**Your instructions:** Here the job is to transcribe the data exactly while omitting the images.

******

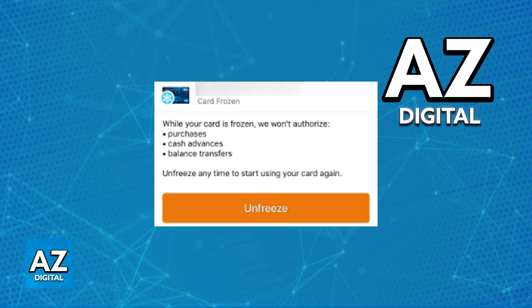This can be undone at any time as long as you validate your identity. You can repeat this process with as many cards as you have. On the latest version of the app, just make sure that you go over to the management window and find freeze card under the security category.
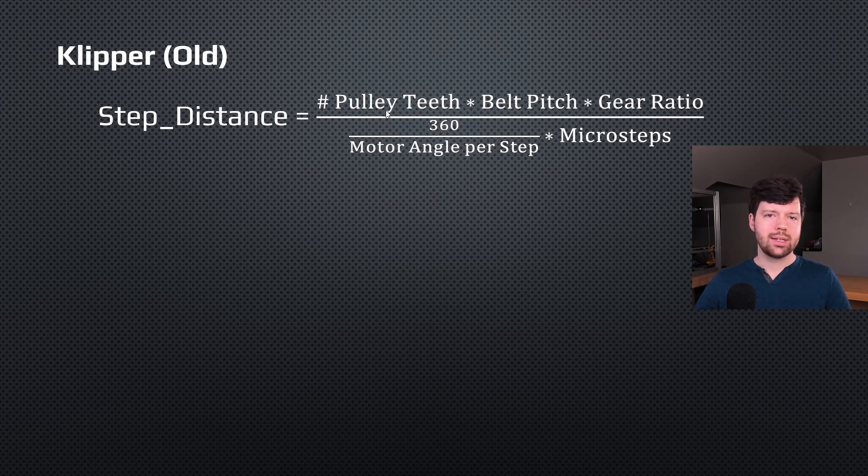You count the number of pulley teeth — in most cases it's 20. You know your belt pitch, and in almost every single case it's going to be two millimeters, because almost all hobbyist level printers use a GT2 belt which has a two millimeter belt pitch. Gear ratio for most printers is one because you're not doing any gear reduction — for Voron it is 5 to 1 for the Z drives. You divide that parameter, which is in most cases 40 millimeters (20 pulley teeth times two millimeter belt pitch), by your stepper motor type — either a 1.8 degree motor angle per step giving 200, or 0.9 giving 400 full steps. And then your microsteps — almost everyone uses 16 microstepping for printers. So if you know exactly what goes into step distance, it's fairly easy to calculate.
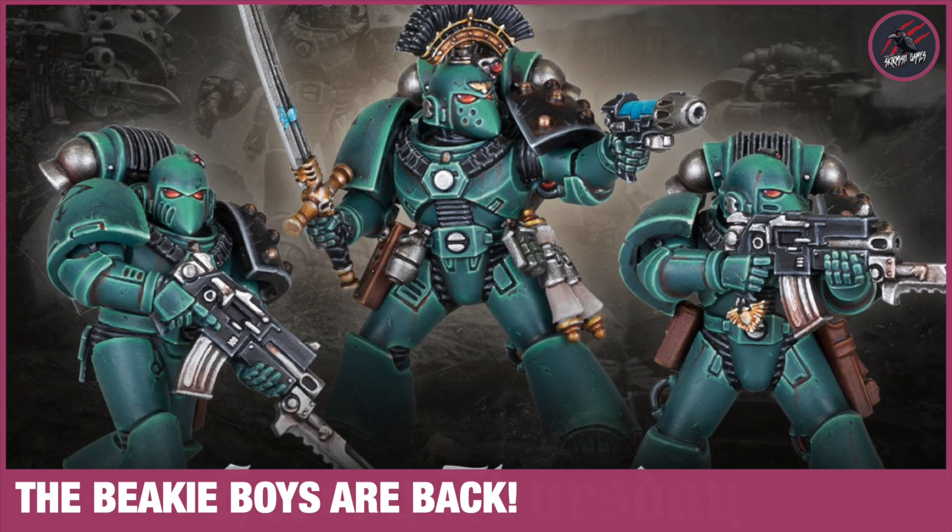Hey, welcome to Tabletop Skirmish Games. I'm Lee and in this video we'll be taking a look at the brand new Mark IV Horus Heresy squad revealed today on the Warhammer Community site.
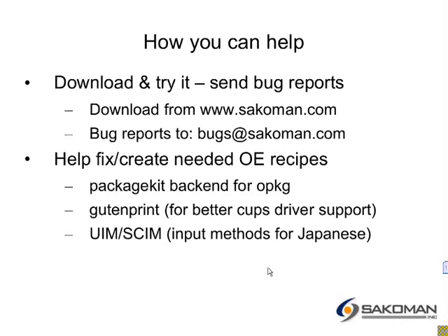PackageKit back-end for opkg — I think we also need to make some modifications to opkg to run the update-desktop-files utility after installs of packages with desktop files. We need better printing support, so CUPS and print drivers. And for Japanese, we need to fix and add recipes for UIM and SCIM. So there you go — that is the output part of my presentation. If anyone has questions, ask now.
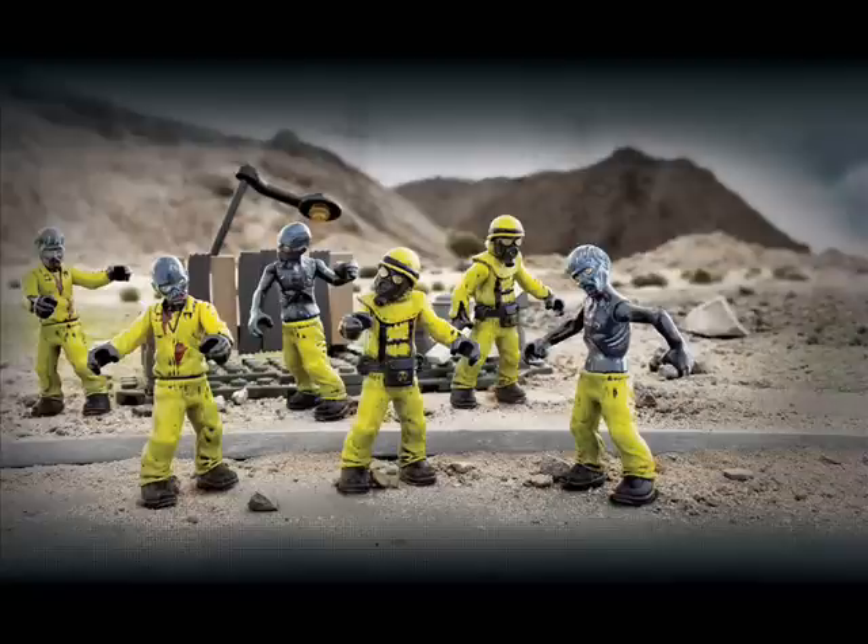So some quite interesting figures, nice to see more variety in our zombies. The figures in this pack — there's not a lot of variety between them, but it does still look like a nice zombies pack.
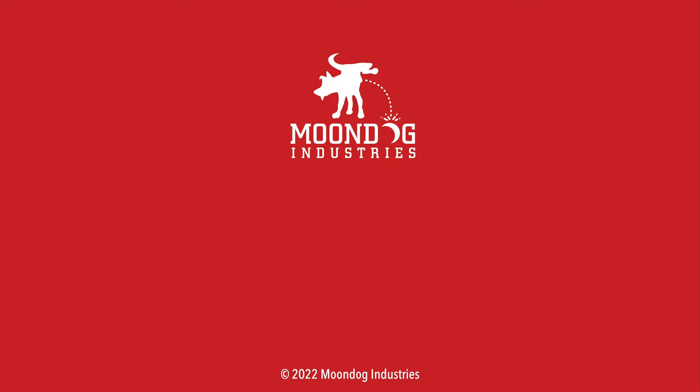If you enjoyed this video, please share it on forums, Facebook, Reddit, TikTok, Instagram, Twitter, MeWe — whatever social media you're on. And if you want to see all of my videos, check out moondogindustries.com.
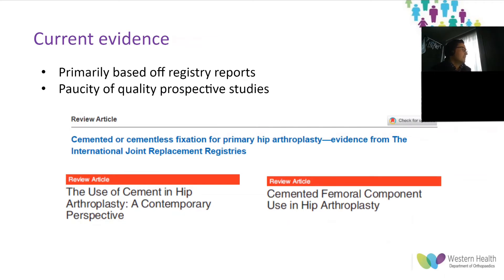In terms of evidence, the vast majority of literature around this question comes from international joint replacement registries. There are very few prospective studies comparing fixation method, let alone in a younger population. A prospective randomized study would be logistically quite challenging, given that the 15-year survival rate of many hip replacements is greater than 90% on the AOA National Joint Replacement Registry — requiring enormous patient numbers and lengthy follow-up without loss to follow-up.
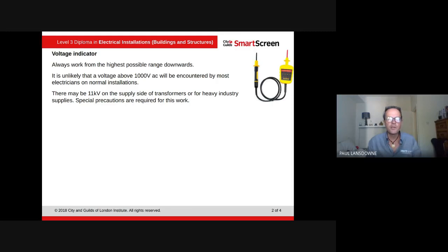The first thing we can look at is a voltage indicator. Always work from the highest possible range downwards. What you don't want to do is use a tester that only goes up to 230V when it's a three-phase system or some error has occurred. You always go above because you can always move down — always go for the highest range possible and work your way downwards.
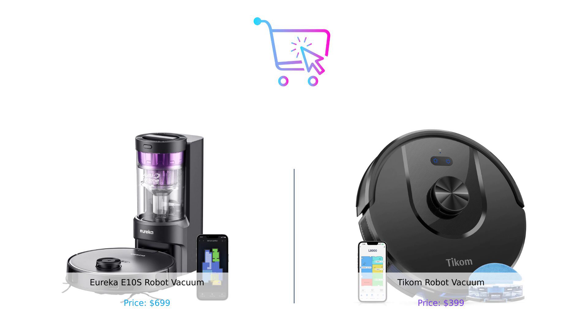Let us know in the comments which one you'd choose and why. Don't forget to like, subscribe, and hit that notification bell so you never miss out on our latest comparisons. Until next time, stay smart, stay savvy, and happy shopping. Product links are in the description.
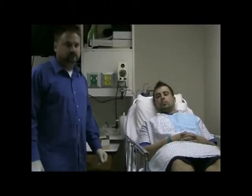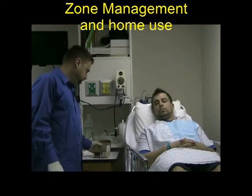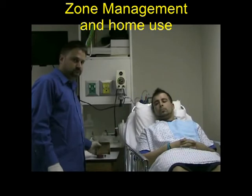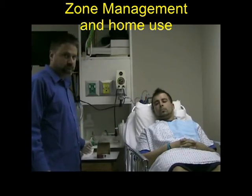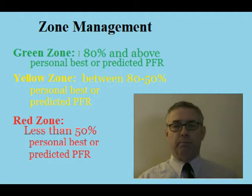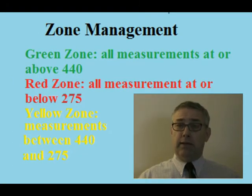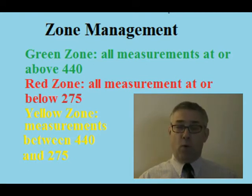If this peak flow meter is for home use, instruct the patient on the zone ranges as well as care and use. The peak flow meter has a little indicator. When setting the green zone measurement, we're going to look at the zones: green zone is 80% and above, red zone is 50% and below, and in between the two is the yellow zone.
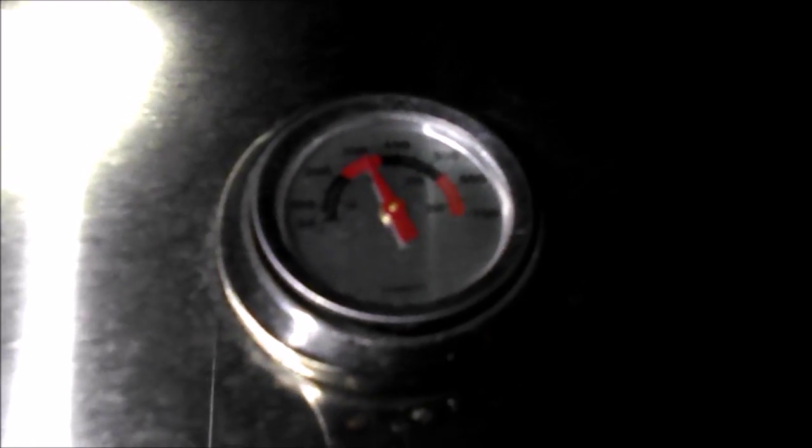About 350 degrees. Look at them pretty things — some pretty mad burgers, mmm yummy. Look at them grill lines, mmm yummy yummy.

******

**Answer to the exercise:**
This can be undone at any time as long as you validate your identity. You can repeat this process with as many cards as you have. On the latest version of the app, just make sure that you go over to the management window and find freeze card under the security category.
You count the number of pulley teeth — in most cases it's 20. You know your belt pitch, and in almost every single case it's going to be two millimeters, because almost all hobbyist level printers use a GT2 belt which has a two millimeter belt pitch. Gear ratio for most printers is one because you're not doing any gear reduction — for Voron it is 5 to 1 for the Z drives. You divide that parameter, which is in most cases 40 millimeters (20 pulley teeth times two millimeter belt pitch), by your stepper motor type — either a 1.8 degree motor angle per step giving 200, or 0.9 giving 400 full steps. And then your microsteps — almost everyone uses 16 microstepping for printers. So if you know exactly what goes into step distance, it's fairly easy to calculate.
Hey, welcome to Tabletop Skirmish Games. I'm Lee and in this video we'll be taking a look at the brand new Mark IV Horus Heresy squad revealed today on the Warhammer Community site.
PackageKit back-end for opkg — I think we also need to make some modifications to opkg to run the update-desktop-files utility after installs of packages with desktop files. We need better printing support, so CUPS and print drivers. And for Japanese, we need to fix and add recipes for UIM and SCIM. So there you go — that is the output part of my presentation. If anyone has questions, ask now.
So some quite interesting figures, nice to see more variety in our zombies. The figures in this pack — there's not a lot of variety between them, but it does still look like a nice zombies pack.
If you enjoyed this video, please share it on forums, Facebook, Reddit, TikTok, Instagram, Twitter, MeWe — whatever social media you're on. And if you want to see all of my videos, check out moondogindustries.com.
In terms of evidence, the vast majority of literature around this question comes from international joint replacement registries. There are very few prospective studies comparing fixation method, let alone in a younger population. A prospective randomized study would be logistically quite challenging, given that the 15-year survival rate of many hip replacements is greater than 90% on the AOA National Joint Replacement Registry — requiring enormous patient numbers and lengthy follow-up without loss to follow-up.
The first thing we can look at is a voltage indicator. Always work from the highest possible range downwards. What you don't want to do is use a tester that only goes up to 230V when it's a three-phase system or some error has occurred. You always go above because you can always move down — always go for the highest range possible and work your way downwards.
Let us know in the comments which one you'd choose and why. Don't forget to like, subscribe, and hit that notification bell so you never miss out on our latest comparisons. Until next time, stay smart, stay savvy, and happy shopping. Product links are in the description.
If this peak flow meter is for home use, instruct the patient on the zone ranges as well as care and use. The peak flow meter has a little indicator. When setting the green zone measurement, we're going to look at the zones: green zone is 80% and above, red zone is 50% and below, and in between the two is the yellow zone.
About 350 degrees. Look at them pretty things — some pretty mad burgers, mmm yummy. Look at them grill lines, mmm yummy yummy.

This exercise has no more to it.